The majority of families are home-based workers who earn around 15,000 to 20,000 rupees a month selling mainly embroidery and other cloth products at city markets.

With just a handful of local schools, most families cannot afford transport costs out of the slum and many young people work with their parents earning meagre incomes from small businesses like weaving and embroidery.

 

‘Everyone benefits’

Residents don’t just pay for the installation of the pipes, however, they also take responsibility for their maintenance.

Khan said manholes are to be installed at nine-metre intervals along the street to ensure residents have easy access to connections and can also monitor and maintain their pipes themselves.

Last month, Shahadat Hussain, who lives on a street that installed its own sewerage line in 2003, collected 1,000 rupees from each household on his street to replace some damaged pipes.

Nevertheless, he believes that repair of infrastructure — and the construction of secondary and main sewerage lines — is a job that local authorities should take care of.

Hussain, 29, said the government should grant residents a lease which would provide some security against eviction in return for a small fee. This would encourage them to contribute to maintenance and cleaning in the long term.

Despite repeated requests, however, the Karachi Metropolitan Corporation (KMC), has failed to do this, he said.

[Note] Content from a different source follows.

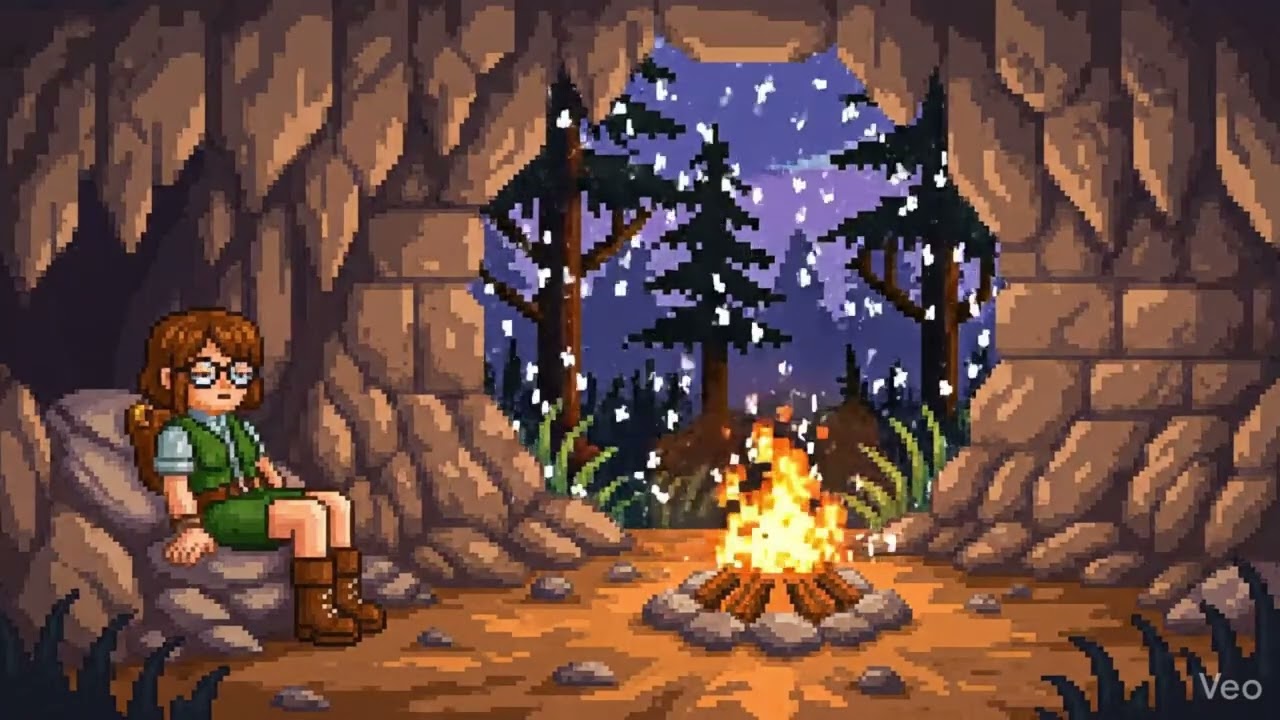 Rainy Cave Pixel Lofi 🌧️🔥 Cozy Beats for Study, Sleep & Relax (1 Hour)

“We urge the provincial government to grant a lease and at least provide basic amenities including installation of secondary and main sewerage lines,” he said.

“Our homes and streets are flooded with sewage even after a light rain as there is no main line to flush it out.”

 

Rapid growth

According to OPP’s Aleemuddin, the city authorities now have a responsibility to step in and support slum residents who have already taken on the DIY construction of internal sewer pipes for their streets.

The sanitation programme in Orangi Town has prompted communities in 40 other slums in Sindh and Punjab provinces to install sewerage lines with technical help from the OPP, he said.

OPP believes the city should construct the secondary pipelines that collect sewage from several streets, as well as build and maintain the main trunk systems which collect and flush out sewage from entire neighbourhoods.

Nazeer Lakhani, director of Katchi Abadies (shanty town housing), acknowledged that more work is needed but said the KMC has spent 515 million rupees to build 107 main and 34 secondary sewerage lines in Orangi Town.

“We know water supply and sanitation are essential for a healthy society and we are working on provision of these basic facilities to people of Orangi Town,” he said.

For Javed, encouraging her community to work together and collaborate with the local government has given her a sense of optimism and empowerment.

“We have started feeling the positive impact of it, although our own sewer line is yet to be completed,” she said.

“I personally feel empowered and encouraged by the work I helped to initiate to get rid of the wastewater forever.”